++++ MATERIALS PROVIDED

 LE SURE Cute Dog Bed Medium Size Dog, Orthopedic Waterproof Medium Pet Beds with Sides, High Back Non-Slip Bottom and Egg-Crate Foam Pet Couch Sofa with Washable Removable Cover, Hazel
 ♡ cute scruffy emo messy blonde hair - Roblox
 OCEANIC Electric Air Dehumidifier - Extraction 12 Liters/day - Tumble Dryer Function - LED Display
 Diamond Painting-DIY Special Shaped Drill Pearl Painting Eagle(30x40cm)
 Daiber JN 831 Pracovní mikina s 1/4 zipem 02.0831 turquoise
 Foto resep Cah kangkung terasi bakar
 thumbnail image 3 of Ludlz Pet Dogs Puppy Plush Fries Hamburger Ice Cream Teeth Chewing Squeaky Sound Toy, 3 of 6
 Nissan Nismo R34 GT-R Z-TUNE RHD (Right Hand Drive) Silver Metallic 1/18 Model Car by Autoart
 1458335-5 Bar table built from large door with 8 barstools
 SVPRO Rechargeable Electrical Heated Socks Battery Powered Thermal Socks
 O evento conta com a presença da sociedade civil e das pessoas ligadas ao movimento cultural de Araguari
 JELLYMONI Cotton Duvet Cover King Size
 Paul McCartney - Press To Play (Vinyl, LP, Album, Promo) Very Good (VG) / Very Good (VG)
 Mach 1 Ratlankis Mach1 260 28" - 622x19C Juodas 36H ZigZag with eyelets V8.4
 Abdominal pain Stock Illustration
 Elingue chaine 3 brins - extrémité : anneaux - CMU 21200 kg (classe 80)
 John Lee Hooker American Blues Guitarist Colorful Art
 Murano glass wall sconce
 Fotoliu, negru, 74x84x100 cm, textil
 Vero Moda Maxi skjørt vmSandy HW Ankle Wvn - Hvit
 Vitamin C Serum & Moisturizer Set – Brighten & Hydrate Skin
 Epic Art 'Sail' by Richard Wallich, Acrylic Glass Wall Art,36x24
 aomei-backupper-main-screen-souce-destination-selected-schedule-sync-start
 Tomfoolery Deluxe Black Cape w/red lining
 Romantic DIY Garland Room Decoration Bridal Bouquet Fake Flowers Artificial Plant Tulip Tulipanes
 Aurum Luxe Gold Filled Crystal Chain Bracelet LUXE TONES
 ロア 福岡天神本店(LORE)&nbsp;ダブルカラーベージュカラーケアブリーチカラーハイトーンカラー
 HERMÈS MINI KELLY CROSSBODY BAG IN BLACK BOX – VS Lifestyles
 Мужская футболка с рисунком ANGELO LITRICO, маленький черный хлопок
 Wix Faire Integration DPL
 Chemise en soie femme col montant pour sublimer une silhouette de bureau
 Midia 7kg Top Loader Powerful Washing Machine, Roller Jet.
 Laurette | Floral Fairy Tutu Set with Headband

++++++++

▶ _ASSIGNED TASK_
Once the line with "Romantic DIY Garland" is found, transcribe it and each line after it through the final line of the entries, exactly and only.

▶ _ANSWER SPACE_
 Romantic DIY Garland Room Decoration Bridal Bouquet Fake Flowers Artificial Plant Tulip Tulipanes
 Aurum Luxe Gold Filled Crystal Chain Bracelet LUXE TONES
 ロア 福岡天神本店(LORE)&nbsp;ダブルカラーベージュカラーケアブリーチカラーハイトーンカラー
 HERMÈS MINI KELLY CROSSBODY BAG IN BLACK BOX – VS Lifestyles
 Мужская футболка с рисунком ANGELO LITRICO, маленький черный хлопок
 Wix Faire Integration DPL
 Chemise en soie femme col montant pour sublimer une silhouette de bureau
 Midia 7kg Top Loader Powerful Washing Machine, Roller Jet.
 Laurette | Floral Fairy Tutu Set with Headband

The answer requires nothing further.